Le Pere
  Le Fou de Dieu  
     
Massacio
Adam et Eve chasés du paradis
(peinture de Massacio)
L'illuminé, le fou de Dieu

Après avoir été longtemps hostile à tout conformisme social et en particulier à toute forme de religion, mon père a soudain retourné sa veste pour devenir un mystique ne parlant que de Dieu.

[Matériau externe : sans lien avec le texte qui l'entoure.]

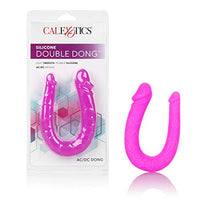 CalExotics SE-0311-70-2 Silicone Double Dong AC/DC Dong - Pink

Tout son vocabulaire avait changé, et il ne cessait de faire des références religieuses. Ce qui me choquait le plus, c'est sa fascination pour les récits de vie des martyrs, en particulier ceux et celles qui ont beaucoup souffert : il nous montrait des images de saint(e)s alité(e)s, morts, au corps marqué de stigmates, de femmes au regard fou (Marthe Robin, la petite Thèrése de l'enfant Jésus...) et son discours abondait des notions de péché, faute originelle, souffrances, expiation, mortifications, exorcismes, sacrifices, shoa, stigmates... Il mélangeait tout, se prenait pour un saint martyr, et s'attribuait toutes les douleurs du monde. C'était un illuminé aux paroles incompréhensibles.

Il a pourtant acquis des responsabilités dans la hiérarchie religieuse, devenant responsable de la formation spirituelle des croyants de la région : il animait des cercles théologiques et parfois des célébrations religieuses. On venait le consulter, prendre son avis, se confier à lui.

Je l'ai souvent entendu dire qu'il regrettait de s'être marié et d'avoir fait des enfants, parce qu'il aurait du être prêtre, religieux, ermite ou saint. Il exprimait son rêve de vivre en ascète, enfermé dans une cellule dénudée de tout, à l'écart du monde. Il parlait souvent d'un saint qui avait passé sa vie à errer en clochard sur les routes parce qu'on ne voulait de lui dans aucun monastère (saint Benoît Joseph Labre ?).

Il partait de plus en plus souvent faire des retraites spirituelles dans les carmels, au centre spirituel de "notre dame de vie"... Nous y allions parfois en famille.
 
 
 
La religion catholique n'est peut-être pas une mauvaise chose, mais j'ai aujourd'hui du mal à comprendre comment on a pu laisser une personne telle que mon père y prendre des responsalités. D'autant plus qu'il en donnait une image assez effrayante et culpabilisante. J'ai toujours trouvé étrange l'adoration d'un corps torturé, celui d'un homme cloué vivant sur deux planches de bois.